Most ultramarathons take place in vast, rural areas. Many courses will take you through mountains and valleys or national parks. Therefore, it is imperative that you get used to trail running before attempting an ultramarathon. However, this is also part of the reason, the ultramarathons are so popular. The stunning scenery and gorgeous viewpoints throughout the course help inspire runners to keep going. It also helps distract runners from the discomfort and exhaustion they may experience during the race. Runners can simply focus on hitting the next viewpoint or marker while enjoying the scenery around them.
Ultramarathons are easier than many think due to the pace. As the distance is much longer, each mile is run slower to conserve energy and ensure your heart rate is in a safe range. Walking is also an important part of ultramarathons. Even the top ultramarathon runners say they walk around 30-40% of each ultra they run. Walking up steeper hills can conserve energy and decrease the chances of injury. Additionally, walking in some of the first half allows you to have the energy for a final push towards the end. A fast hike up a steep hill can be just as fast as running but without as much exertion.
Completing an ultramarathon is a test of mental and physical strength. After all, you will be running for hours upon hours. The long hours combined with tired muscles is what makes this difficult for many people. However, by utilizing your support team in crucial areas of the race, you can keep yourself motivated and get through those rough moments. Most runners struggle at the halfway point, as they begin to doubt themselves. Find a way to keep yourself motivated, whether it's hitting the next checkpoint or seeing your support time at the next mile. Having a positive mindset is crucial to hitting that finish line.
When completing an ultramarathon, you will consume a lot more food than in a normal marathon. Keep in mind these foods need to be easy to consume, fast-absorbing, and easy on your stomach. This can require a lot of training, as eating several times throughout a run can be difficult on the stomach. While training for your ultramarathon, test different foods to see how you react. This will allow you to pack the best fuel for your body during the race. Many runners prefer to consume all their necessary calories through liquids, like nutritional beverages and soup. However, some prefer sandwiches, fruit, and nutrition bars. Find out what works best for your body before attempting the race.
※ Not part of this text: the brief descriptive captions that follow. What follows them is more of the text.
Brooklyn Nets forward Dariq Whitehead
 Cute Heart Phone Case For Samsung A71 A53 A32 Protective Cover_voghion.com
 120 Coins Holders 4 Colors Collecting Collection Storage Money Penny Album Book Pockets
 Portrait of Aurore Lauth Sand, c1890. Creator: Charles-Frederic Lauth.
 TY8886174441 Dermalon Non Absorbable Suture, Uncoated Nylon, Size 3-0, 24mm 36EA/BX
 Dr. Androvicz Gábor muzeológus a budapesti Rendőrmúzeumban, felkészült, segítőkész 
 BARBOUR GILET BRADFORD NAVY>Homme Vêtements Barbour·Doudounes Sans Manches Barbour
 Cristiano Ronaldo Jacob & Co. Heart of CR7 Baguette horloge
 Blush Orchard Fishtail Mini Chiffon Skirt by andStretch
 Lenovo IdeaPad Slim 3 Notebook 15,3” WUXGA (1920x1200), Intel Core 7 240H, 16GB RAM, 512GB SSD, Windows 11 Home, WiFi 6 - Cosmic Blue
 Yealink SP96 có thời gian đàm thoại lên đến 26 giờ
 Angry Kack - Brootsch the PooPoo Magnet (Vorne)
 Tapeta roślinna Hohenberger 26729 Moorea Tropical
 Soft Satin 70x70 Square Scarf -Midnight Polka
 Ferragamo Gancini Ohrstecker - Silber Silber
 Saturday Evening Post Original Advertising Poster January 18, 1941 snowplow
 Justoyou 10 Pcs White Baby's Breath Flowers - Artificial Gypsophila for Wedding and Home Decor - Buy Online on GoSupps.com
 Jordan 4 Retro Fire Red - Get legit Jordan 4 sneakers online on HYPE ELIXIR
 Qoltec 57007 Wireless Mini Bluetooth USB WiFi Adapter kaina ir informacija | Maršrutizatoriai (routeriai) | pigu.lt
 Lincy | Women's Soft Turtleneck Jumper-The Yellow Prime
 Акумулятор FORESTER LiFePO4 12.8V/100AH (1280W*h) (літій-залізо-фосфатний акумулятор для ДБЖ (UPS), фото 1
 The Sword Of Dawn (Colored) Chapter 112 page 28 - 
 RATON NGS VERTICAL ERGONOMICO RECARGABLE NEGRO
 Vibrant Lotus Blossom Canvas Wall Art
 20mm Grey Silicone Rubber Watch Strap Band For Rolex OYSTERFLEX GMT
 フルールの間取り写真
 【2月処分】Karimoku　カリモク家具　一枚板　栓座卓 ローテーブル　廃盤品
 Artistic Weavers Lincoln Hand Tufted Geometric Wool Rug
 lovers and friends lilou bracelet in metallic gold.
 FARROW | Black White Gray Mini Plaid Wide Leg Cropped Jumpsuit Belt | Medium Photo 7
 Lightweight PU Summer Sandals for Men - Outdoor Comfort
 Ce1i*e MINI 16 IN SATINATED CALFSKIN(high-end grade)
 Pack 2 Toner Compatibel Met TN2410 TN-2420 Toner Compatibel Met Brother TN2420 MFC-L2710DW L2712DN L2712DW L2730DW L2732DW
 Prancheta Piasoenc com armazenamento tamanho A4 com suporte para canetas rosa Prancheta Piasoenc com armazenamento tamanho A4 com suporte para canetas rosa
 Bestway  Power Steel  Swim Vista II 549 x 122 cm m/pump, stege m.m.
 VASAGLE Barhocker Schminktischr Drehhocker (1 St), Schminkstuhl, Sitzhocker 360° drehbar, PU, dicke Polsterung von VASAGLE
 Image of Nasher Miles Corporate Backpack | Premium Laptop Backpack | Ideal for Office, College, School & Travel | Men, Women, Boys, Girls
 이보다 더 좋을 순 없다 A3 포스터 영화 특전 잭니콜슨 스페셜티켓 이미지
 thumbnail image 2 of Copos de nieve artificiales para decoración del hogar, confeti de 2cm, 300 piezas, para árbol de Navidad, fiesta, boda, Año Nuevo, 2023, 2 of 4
While the plentiful snacks, slower pace, and picturesque views will encourage runners to give an ultramarathon a go, they must not forget to train for it properly. The mileage involved is daunting, thus training for it is key. With enough time and walking, most marathon runners probably could finish an ultramarathon. However, they may injure themselves badly in the process. To avoid injury and ensure your health doesn’t suffer, create a training plan. Keep building your long runs up until you are ready for your ultramarathon. Keep in mind to practice on trails with changes in terrain, and elevation.
While a 100-mile run may sound impossible right now, if you put in the effort of training, you’ll find that completing an ultramarathon is easier than you think. Consider starting your ultramarathon journey with a 30 or 42-mile course before attempting any of the 100-mile races.